Early versions of new features are made available in the early access version of IGV before they are officially released. You can install this version from the early access download page on the IGV web site. This guide describes what's new in IGV Early Access (141, December 11, 2012) since IGV Release 2.1. 

New Features 

  • Improved interface for loading and managing genomes. In previous releases, the genome drop-down menu listed all genomes that are available in IGV. However, the list of hosted genomes has grown beyond the point where it is managable in a single dropdown. In IGV 2.2 you can customize the drop-down menu to include only the genomes that are of interest to you. The genome menu now initially lists only a small number of default genomes, but you can add genomes to the list, remove genomes from the list, and rearrange the order of genomes in the list. See Managing and Loading Genomes in IGV 2.2.
  • Integration with BEDTools. BEDTools is a fast, flexible suite of tools that can be used to compare sets of genomic features. IGV can now use BEDTools to compare features in loaded tracks, and view the results as a new track. See BEDTools Integration. Note: This is currently not supported on Windows
  • Integration with GenomeSpace. GenomeSpace is a system that bridges the gaps between bioinformatics tools, making it possible to move data smoothly between tools, leveraging the available analyses and visualizations in each of these tools. IGV is one of the founding tools in the GenomeSpace initiative. See IGV and GenomeSpace.

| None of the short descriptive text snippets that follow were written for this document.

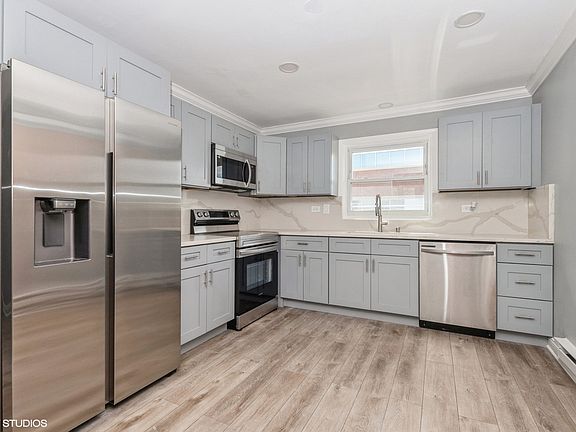 5th image of 6634 W 95th St APT 3C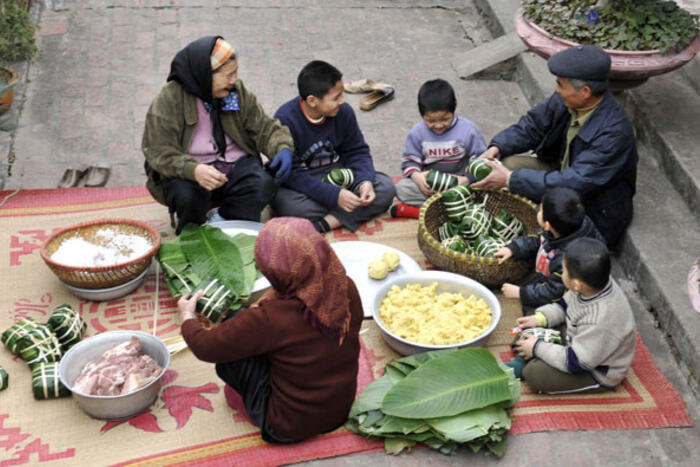 Háo hức gói bánh chưng mỗi khi Tết đến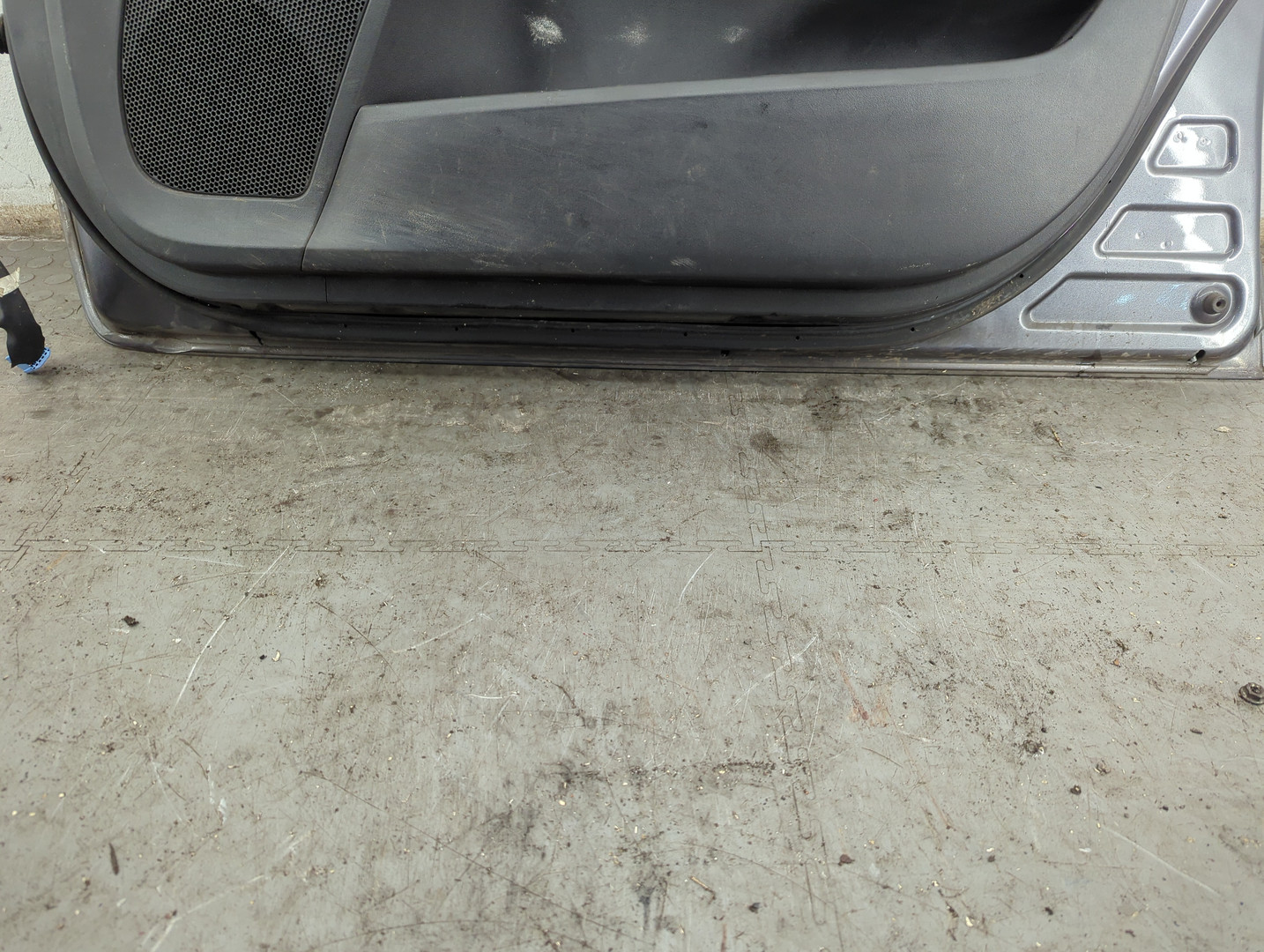 Дверь передняя правая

  • New menu bar layout. The main IGV menu bar layout has been updated to accommodate the new features described above. There are now three new items in the menu bar:
    • Genomes. Items related to loading and managing genomes have been moved out of the File menu, and into their own menu.  
    • Tools. Items related to external tools have been moved out of the File menu, and into their own menu. Use the Tools menu to run the BEDTools functions, igvtools, and IGV batch scripts .
    • GenomeSpace. Items related to GenomeSpace are in their own menu.
  • Network view. IGV can now connect to the cBio Cancer Genomics Portal to display information about networks of genes. An IGV gene list is used to provide seed genes to the cBio portal, which then displays a network of the seed genes and their neighboring genes. You can filter the network based on mutation, copy number, and expression data that you have loaded into IGV. See Viewing Gene Networks in the cBio Portal.
  • Alternate coding sequence translations. When the view is zoomed in to display individual nucleotide bases in the sequence track, IGV displays the 3-frame translation to the corresponding amino acid sequence. You can now select from 18 alternate NCBI translation tables. Enable this view and select the translation table by right-clicking on the sequence track.
  • New option for pop-up details.  By default, when you hover over an element in the data panel you will see a pop-up display with details about the element. You can now choose to only display the details when you click on the element. You can also disable the pop-up so that it is not displayed at all. Click on the yellow balloon icon in the IGV tool bar to specify the behavior you want.
  • New options for grouping sequence alignments. Two new options have been added to the menu for grouping alignments: for paired alignments, you can now group by mate chromosome or pair orientation.
  • New in sessions. IGV sessions now use relative file paths, by default.
  • New batch command. When controlling IGV through a port or a batch script, you can now set the data range of tracks with the setDataRange command.
  • New in igvtools. 
    • New options for the count command: --strands and --bases. 
    • Indexing of FASTA files.
    • Improved performance in the sort command.
    • See the igvtools documentation for details.